After Mary's departure, Charles's difficulties increased every day, and Christina tried in vain to pour oil on the troubled waters. She amused Philip, and did her best to console the Emperor in his fits of profound dejection. When she was gone he turned once more to Mary, and begged her earnestly to come to his help.
"I had some hope," he wrote on the 6th of December, "that the King our nephew might be persuaded to consent to the only plan by which the greatness and stability of our house can be maintained. But, as you will see by this letter, which my brother gave me the day before yesterday, I begin to feel that my hope was vain. And I think that in this he does me great wrong, when I have done so much for him. My patience is almost at an end, and I wish with all my heart that you were here, as you can help me more than anyone else. So I beg you to hasten your coming as soon as possible, and shall await your arrival with the utmost anxiety."
To this letter, which had been dictated to his secretary, Charles added the following postscript, written with his own gouty hand:
"I can assure you, my dear sister, that I can bear no more unless I am to burst. Certainly I never felt all that the dead King of France did against me, nor all that the present one is trying to do, nor yet the affronts which the Constable puts upon us now, half as keenly as I have felt and am feeling the treatment which I have received from the King my brother. I can only pray God to grant him good-will and understanding, and give me strength and patience, in order that we may arrive at some agreement, and that, if your coming does not serve to convert him, it may at least give me some consolation.
"Your loving brother,
"Charles."[431]
On receiving this letter, Mary started for Augsburg without a moment's delay. Attended only by the Bishop of Cambray and three ladies, the brave Queen rode all the way from Binche to Augsburg in twelve days, and arrived at five o'clock on the evening of New Year's Day, 1551.

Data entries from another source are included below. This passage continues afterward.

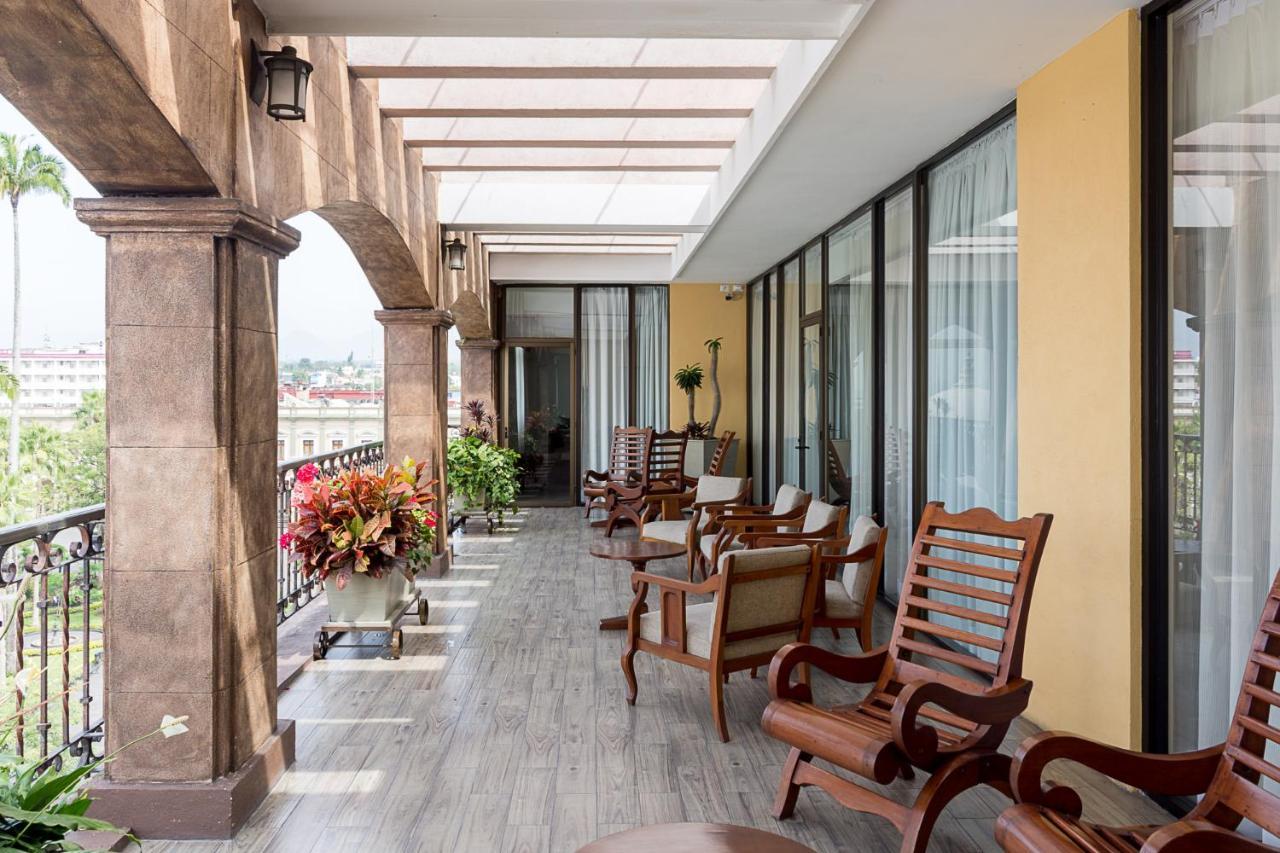 Hotel Mansur Business&Leisure Córdoba Extérieur photo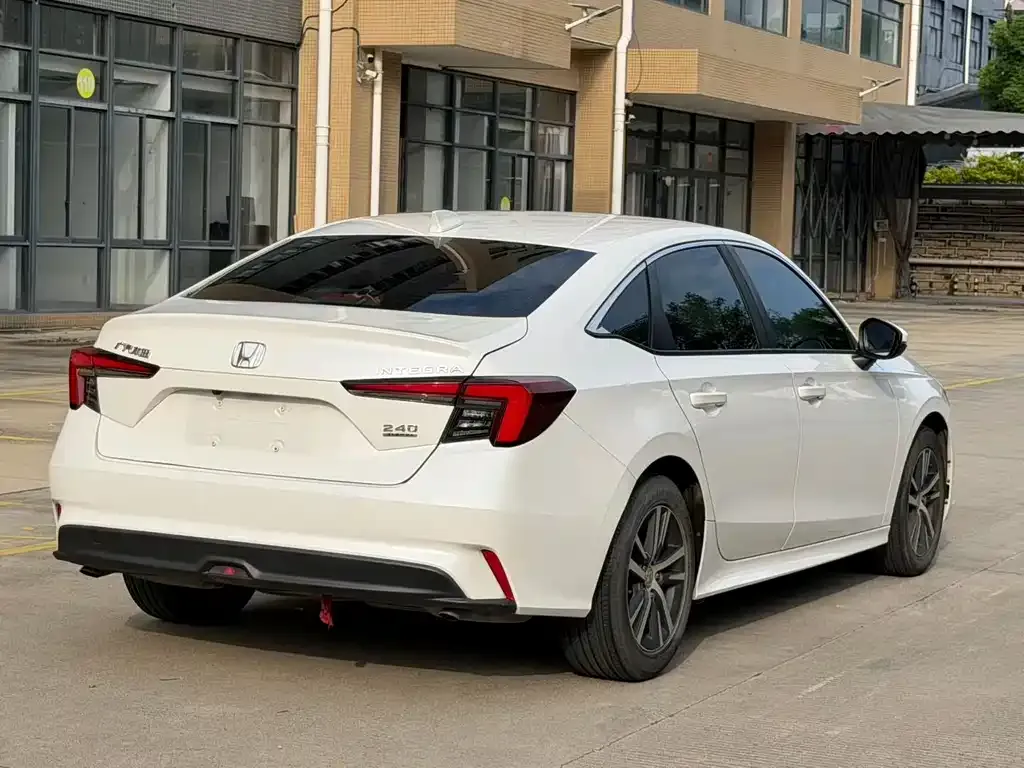 Honda Integra 2023 из CN, фото 4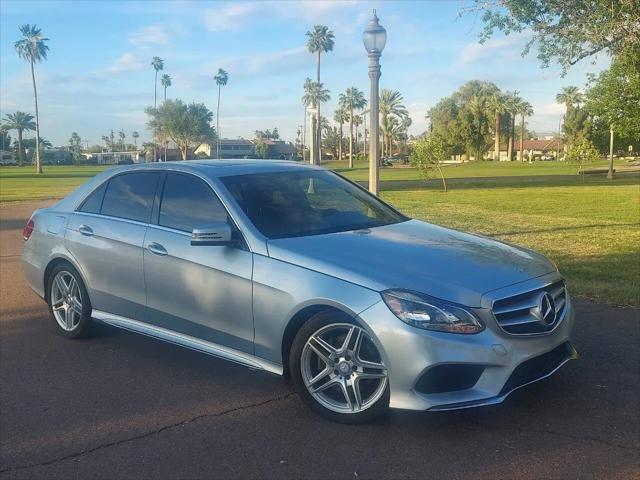 2014 Mercedes-Benz E 350 E 350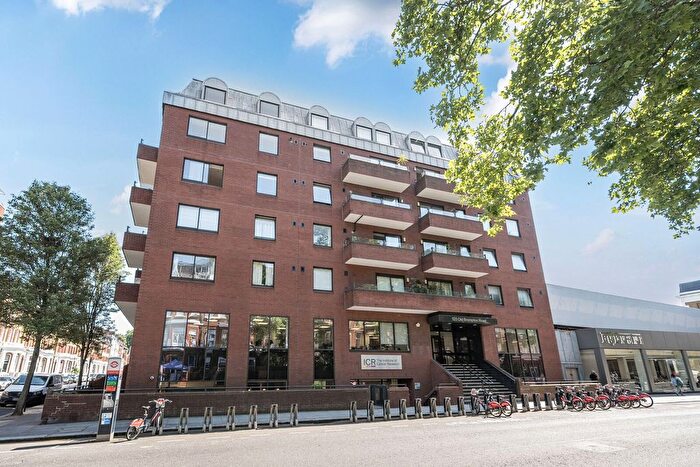 1 Bedroom Flat To Rent In Roland Gardens, South Kensington, London, SW7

Jan., 1551] FAMILY CONFERENCES
All through November and December the Emperor hardly left his room. When he dined with the Knights of the Fleece on St. Andrew's Day, the hall was heated like a furnace, and Marillac, the French Ambassador, remarked that he looked so old and feeble he could not be long for this world.[432] But on the Feast of the Three Kings he dined in public, with his brother and sister, and his two nephews, Maximilian, who had arrived from Spain on the 10th of December, and the young Archduke Ferdinand. They were, to all appearances, a happy and united family, and Stroppiana noted an evident improvement in the Emperor's spirits. Roger Ascham watched these illustrious personages with keen interest. He describes how Charles and Ferdinand sat under the cloth of state and ate together very handsomely, "his Chapel singing wonderful cunningly all dinner-time." "The Emperor," he remarked, "hath a good face, constant air, and looked somewhat like the parson of Epurstone. He wore a black taffety gown, and furred nightcap on his head, and fed well of a capon—I have had a better from mine hostess Barnes many times." Ferdinand he describes as "a very homely man, gentle to be spoken to of any man," the Prince of Spain as "not in all so wise as his father." But King Max was Roger's favourite—"a Prince peerless" in his eyes. He is never tired of extolling this "worthy gentleman, learned, wise, liberal, gentle, loved and praised of all."[433]
During the next few weeks prolonged conferences were held in the Emperor's rooms. King Max from the first flatly refused to consent to Philip's appointment as coadjutor with the King of the Romans, and the quarrel waxed hot between them. Night and day Arras went secretly to and fro with letters between Charles and Ferdinand. If the Queen of Hungary was seen leaving the King of the Romans with flushed face and flashing eyes, it was a sure sign that things were going badly for the Emperor. If Ferdinand and his sons wore a joyous air, and there were tokens of affection between them and Mary, Stroppiana and Marillac were satisfied that all was going well.[434] As for Philip and Max, it was easy to see that there was no love lost between them. They met occasionally at night in Charles's rooms and exchanged formal greetings, but never paid each other visits or attended Mass and took meals together. The rivalry between the two Princes became every day more marked.